▶ _Directions_
Print the lines below exactly as written, with none missing.
[Source records]
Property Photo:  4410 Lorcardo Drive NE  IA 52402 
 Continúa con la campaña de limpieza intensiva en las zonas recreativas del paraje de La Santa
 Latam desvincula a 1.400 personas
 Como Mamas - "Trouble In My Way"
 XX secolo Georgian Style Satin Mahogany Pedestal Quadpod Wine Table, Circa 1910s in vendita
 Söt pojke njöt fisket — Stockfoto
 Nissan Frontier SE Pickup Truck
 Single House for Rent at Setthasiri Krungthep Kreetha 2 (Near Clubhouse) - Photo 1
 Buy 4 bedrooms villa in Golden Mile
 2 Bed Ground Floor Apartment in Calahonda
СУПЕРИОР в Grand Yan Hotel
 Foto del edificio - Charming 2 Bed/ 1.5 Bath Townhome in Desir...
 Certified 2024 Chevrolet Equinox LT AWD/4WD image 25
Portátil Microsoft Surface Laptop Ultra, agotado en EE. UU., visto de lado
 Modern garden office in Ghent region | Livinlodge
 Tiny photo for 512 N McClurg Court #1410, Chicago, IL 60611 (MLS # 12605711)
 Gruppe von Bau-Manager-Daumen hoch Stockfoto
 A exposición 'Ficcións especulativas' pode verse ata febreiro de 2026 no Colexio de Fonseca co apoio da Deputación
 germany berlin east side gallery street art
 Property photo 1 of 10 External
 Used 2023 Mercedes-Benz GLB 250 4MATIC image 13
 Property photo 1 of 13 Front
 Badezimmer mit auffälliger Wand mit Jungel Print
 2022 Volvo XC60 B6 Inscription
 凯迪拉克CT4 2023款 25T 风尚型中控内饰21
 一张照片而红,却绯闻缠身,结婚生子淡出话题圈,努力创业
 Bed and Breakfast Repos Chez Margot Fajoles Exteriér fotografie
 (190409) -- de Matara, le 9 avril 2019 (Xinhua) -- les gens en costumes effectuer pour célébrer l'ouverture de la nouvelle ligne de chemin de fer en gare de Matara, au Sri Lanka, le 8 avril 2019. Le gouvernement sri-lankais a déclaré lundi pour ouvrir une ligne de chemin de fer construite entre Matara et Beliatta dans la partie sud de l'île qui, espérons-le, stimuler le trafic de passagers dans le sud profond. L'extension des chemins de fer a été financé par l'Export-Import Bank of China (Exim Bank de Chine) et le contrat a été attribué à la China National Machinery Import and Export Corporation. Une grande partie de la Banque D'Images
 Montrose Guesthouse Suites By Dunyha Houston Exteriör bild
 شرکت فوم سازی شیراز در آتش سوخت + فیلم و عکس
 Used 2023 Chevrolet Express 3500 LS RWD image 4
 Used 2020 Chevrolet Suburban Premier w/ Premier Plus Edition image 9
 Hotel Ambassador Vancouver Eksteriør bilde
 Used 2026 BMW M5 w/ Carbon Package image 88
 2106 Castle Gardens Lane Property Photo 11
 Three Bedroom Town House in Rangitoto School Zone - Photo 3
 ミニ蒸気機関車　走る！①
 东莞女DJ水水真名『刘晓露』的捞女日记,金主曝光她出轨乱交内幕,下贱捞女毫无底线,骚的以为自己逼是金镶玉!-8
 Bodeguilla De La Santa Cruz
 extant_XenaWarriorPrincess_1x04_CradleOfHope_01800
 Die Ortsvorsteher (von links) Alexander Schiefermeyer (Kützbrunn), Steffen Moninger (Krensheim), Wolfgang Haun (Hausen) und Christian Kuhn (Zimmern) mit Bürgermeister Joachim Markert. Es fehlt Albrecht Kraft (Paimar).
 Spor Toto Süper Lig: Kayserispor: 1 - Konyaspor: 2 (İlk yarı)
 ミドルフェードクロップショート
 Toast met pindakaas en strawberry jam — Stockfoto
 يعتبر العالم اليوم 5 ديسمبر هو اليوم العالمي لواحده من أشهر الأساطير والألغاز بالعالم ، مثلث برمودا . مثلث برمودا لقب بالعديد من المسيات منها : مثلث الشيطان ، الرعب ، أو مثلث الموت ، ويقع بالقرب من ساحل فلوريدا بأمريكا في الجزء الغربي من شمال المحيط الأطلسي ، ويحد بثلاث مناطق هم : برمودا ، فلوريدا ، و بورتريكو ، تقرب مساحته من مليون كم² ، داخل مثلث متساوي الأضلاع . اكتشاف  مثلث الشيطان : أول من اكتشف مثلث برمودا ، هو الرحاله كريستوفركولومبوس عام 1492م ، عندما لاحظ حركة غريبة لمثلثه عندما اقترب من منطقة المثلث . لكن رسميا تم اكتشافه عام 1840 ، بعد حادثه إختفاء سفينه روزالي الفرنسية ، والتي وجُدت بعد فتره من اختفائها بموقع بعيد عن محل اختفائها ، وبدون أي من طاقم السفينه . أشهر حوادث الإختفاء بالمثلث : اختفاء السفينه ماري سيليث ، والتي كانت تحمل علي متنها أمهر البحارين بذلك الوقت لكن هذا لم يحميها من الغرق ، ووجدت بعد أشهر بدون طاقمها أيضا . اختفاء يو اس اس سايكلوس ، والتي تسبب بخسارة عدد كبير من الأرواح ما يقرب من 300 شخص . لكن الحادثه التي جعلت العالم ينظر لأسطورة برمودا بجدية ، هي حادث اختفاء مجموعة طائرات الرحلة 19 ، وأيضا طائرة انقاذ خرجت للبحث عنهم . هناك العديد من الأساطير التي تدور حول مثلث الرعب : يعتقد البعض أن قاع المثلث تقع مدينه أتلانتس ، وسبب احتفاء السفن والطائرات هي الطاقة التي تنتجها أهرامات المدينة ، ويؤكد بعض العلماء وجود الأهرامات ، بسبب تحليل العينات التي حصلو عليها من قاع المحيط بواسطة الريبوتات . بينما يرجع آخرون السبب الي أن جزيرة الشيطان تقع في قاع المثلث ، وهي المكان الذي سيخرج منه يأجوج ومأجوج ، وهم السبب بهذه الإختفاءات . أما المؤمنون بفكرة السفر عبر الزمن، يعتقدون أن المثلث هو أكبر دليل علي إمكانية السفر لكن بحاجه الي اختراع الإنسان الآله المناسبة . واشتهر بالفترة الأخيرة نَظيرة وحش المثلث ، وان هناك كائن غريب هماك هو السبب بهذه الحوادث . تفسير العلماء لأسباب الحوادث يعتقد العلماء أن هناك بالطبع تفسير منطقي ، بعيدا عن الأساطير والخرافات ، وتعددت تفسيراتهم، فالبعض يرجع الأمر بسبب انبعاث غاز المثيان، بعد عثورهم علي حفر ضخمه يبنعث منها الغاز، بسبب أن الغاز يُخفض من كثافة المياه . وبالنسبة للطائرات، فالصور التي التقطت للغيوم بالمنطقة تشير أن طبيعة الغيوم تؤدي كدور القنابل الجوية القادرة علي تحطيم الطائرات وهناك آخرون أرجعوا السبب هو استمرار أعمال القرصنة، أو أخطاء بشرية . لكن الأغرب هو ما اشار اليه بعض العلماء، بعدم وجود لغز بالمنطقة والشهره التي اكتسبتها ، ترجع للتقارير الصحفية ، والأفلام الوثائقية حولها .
[/Source records]
▶ _Output_
Property Photo:  4410 Lorcardo Drive NE  IA 52402 
 Continúa con la campaña de limpieza intensiva en las zonas recreativas del paraje de La Santa
 Latam desvincula a 1.400 personas
 Como Mamas - "Trouble In My Way"
 XX secolo Georgian Style Satin Mahogany Pedestal Quadpod Wine Table, Circa 1910s in vendita
 Söt pojke njöt fisket — Stockfoto
 Nissan Frontier SE Pickup Truck
 Single House for Rent at Setthasiri Krungthep Kreetha 2 (Near Clubhouse) - Photo 1
 Buy 4 bedrooms villa in Golden Mile
 2 Bed Ground Floor Apartment in Calahonda
СУПЕРИОР в Grand Yan Hotel
 Foto del edificio - Charming 2 Bed/ 1.5 Bath Townhome in Desir...
 Certified 2024 Chevrolet Equinox LT AWD/4WD image 25
Portátil Microsoft Surface Laptop Ultra, agotado en EE. UU., visto de lado
 Modern garden office in Ghent region | Livinlodge
 Tiny photo for 512 N McClurg Court #1410, Chicago, IL 60611 (MLS # 12605711)
 Gruppe von Bau-Manager-Daumen hoch Stockfoto
 A exposición 'Ficcións especulativas' pode verse ata febreiro de 2026 no Colexio de Fonseca co apoio da Deputación
 germany berlin east side gallery street art
 Property photo 1 of 10 External
 Used 2023 Mercedes-Benz GLB 250 4MATIC image 13
 Property photo 1 of 13 Front
 Badezimmer mit auffälliger Wand mit Jungel Print
 2022 Volvo XC60 B6 Inscription
 凯迪拉克CT4 2023款 25T 风尚型中控内饰21
 一张照片而红,却绯闻缠身,结婚生子淡出话题圈,努力创业
 Bed and Breakfast Repos Chez Margot Fajoles Exteriér fotografie
 (190409) -- de Matara, le 9 avril 2019 (Xinhua) -- les gens en costumes effectuer pour célébrer l'ouverture de la nouvelle ligne de chemin de fer en gare de Matara, au Sri Lanka, le 8 avril 2019. Le gouvernement sri-lankais a déclaré lundi pour ouvrir une ligne de chemin de fer construite entre Matara et Beliatta dans la partie sud de l'île qui, espérons-le, stimuler le trafic de passagers dans le sud profond. L'extension des chemins de fer a été financé par l'Export-Import Bank of China (Exim Bank de Chine) et le contrat a été attribué à la China National Machinery Import and Export Corporation. Une grande partie de la Banque D'Images
 Montrose Guesthouse Suites By Dunyha Houston Exteriör bild
 شرکت فوم سازی شیراز در آتش سوخت + فیلم و عکس
 Used 2023 Chevrolet Express 3500 LS RWD image 4
 Used 2020 Chevrolet Suburban Premier w/ Premier Plus Edition image 9
 Hotel Ambassador Vancouver Eksteriør bilde
 Used 2026 BMW M5 w/ Carbon Package image 88
 2106 Castle Gardens Lane Property Photo 11
 Three Bedroom Town House in Rangitoto School Zone - Photo 3
 ミニ蒸気機関車　走る！①
 东莞女DJ水水真名『刘晓露』的捞女日记,金主曝光她出轨乱交内幕,下贱捞女毫无底线,骚的以为自己逼是金镶玉!-8
 Bodeguilla De La Santa Cruz
 extant_XenaWarriorPrincess_1x04_CradleOfHope_01800
 Die Ortsvorsteher (von links) Alexander Schiefermeyer (Kützbrunn), Steffen Moninger (Krensheim), Wolfgang Haun (Hausen) und Christian Kuhn (Zimmern) mit Bürgermeister Joachim Markert. Es fehlt Albrecht Kraft (Paimar).
 Spor Toto Süper Lig: Kayserispor: 1 - Konyaspor: 2 (İlk yarı)
 ミドルフェードクロップショート
 Toast met pindakaas en strawberry jam — Stockfoto
 يعتبر العالم اليوم 5 ديسمبر هو اليوم العالمي لواحده من أشهر الأساطير والألغاز بالعالم ، مثلث برمودا . مثلث برمودا لقب بالعديد من المسيات منها : مثلث الشيطان ، الرعب ، أو مثلث الموت ، ويقع بالقرب من ساحل فلوريدا بأمريكا في الجزء الغربي من شمال المحيط الأطلسي ، ويحد بثلاث مناطق هم : برمودا ، فلوريدا ، و بورتريكو ، تقرب مساحته من مليون كم² ، داخل مثلث متساوي الأضلاع . اكتشاف  مثلث الشيطان : أول من اكتشف مثلث برمودا ، هو الرحاله كريستوفركولومبوس عام 1492م ، عندما لاحظ حركة غريبة لمثلثه عندما اقترب من منطقة المثلث . لكن رسميا تم اكتشافه عام 1840 ، بعد حادثه إختفاء سفينه روزالي الفرنسية ، والتي وجُدت بعد فتره من اختفائها بموقع بعيد عن محل اختفائها ، وبدون أي من طاقم السفينه . أشهر حوادث الإختفاء بالمثلث : اختفاء السفينه ماري سيليث ، والتي كانت تحمل علي متنها أمهر البحارين بذلك الوقت لكن هذا لم يحميها من الغرق ، ووجدت بعد أشهر بدون طاقمها أيضا . اختفاء يو اس اس سايكلوس ، والتي تسبب بخسارة عدد كبير من الأرواح ما يقرب من 300 شخص . لكن الحادثه التي جعلت العالم ينظر لأسطورة برمودا بجدية ، هي حادث اختفاء مجموعة طائرات الرحلة 19 ، وأيضا طائرة انقاذ خرجت للبحث عنهم . هناك العديد من الأساطير التي تدور حول مثلث الرعب : يعتقد البعض أن قاع المثلث تقع مدينه أتلانتس ، وسبب احتفاء السفن والطائرات هي الطاقة التي تنتجها أهرامات المدينة ، ويؤكد بعض العلماء وجود الأهرامات ، بسبب تحليل العينات التي حصلو عليها من قاع المحيط بواسطة الريبوتات . بينما يرجع آخرون السبب الي أن جزيرة الشيطان تقع في قاع المثلث ، وهي المكان الذي سيخرج منه يأجوج ومأجوج ، وهم السبب بهذه الإختفاءات . أما المؤمنون بفكرة السفر عبر الزمن، يعتقدون أن المثلث هو أكبر دليل علي إمكانية السفر لكن بحاجه الي اختراع الإنسان الآله المناسبة . واشتهر بالفترة الأخيرة نَظيرة وحش المثلث ، وان هناك كائن غريب هماك هو السبب بهذه الحوادث . تفسير العلماء لأسباب الحوادث يعتقد العلماء أن هناك بالطبع تفسير منطقي ، بعيدا عن الأساطير والخرافات ، وتعددت تفسيراتهم، فالبعض يرجع الأمر بسبب انبعاث غاز المثيان، بعد عثورهم علي حفر ضخمه يبنعث منها الغاز، بسبب أن الغاز يُخفض من كثافة المياه . وبالنسبة للطائرات، فالصور التي التقطت للغيوم بالمنطقة تشير أن طبيعة الغيوم تؤدي كدور القنابل الجوية القادرة علي تحطيم الطائرات وهناك آخرون أرجعوا السبب هو استمرار أعمال القرصنة، أو أخطاء بشرية . لكن الأغرب هو ما اشار اليه بعض العلماء، بعدم وجود لغز بالمنطقة والشهره التي اكتسبتها ، ترجع للتقارير الصحفية ، والأفلام الوثائقية حولها .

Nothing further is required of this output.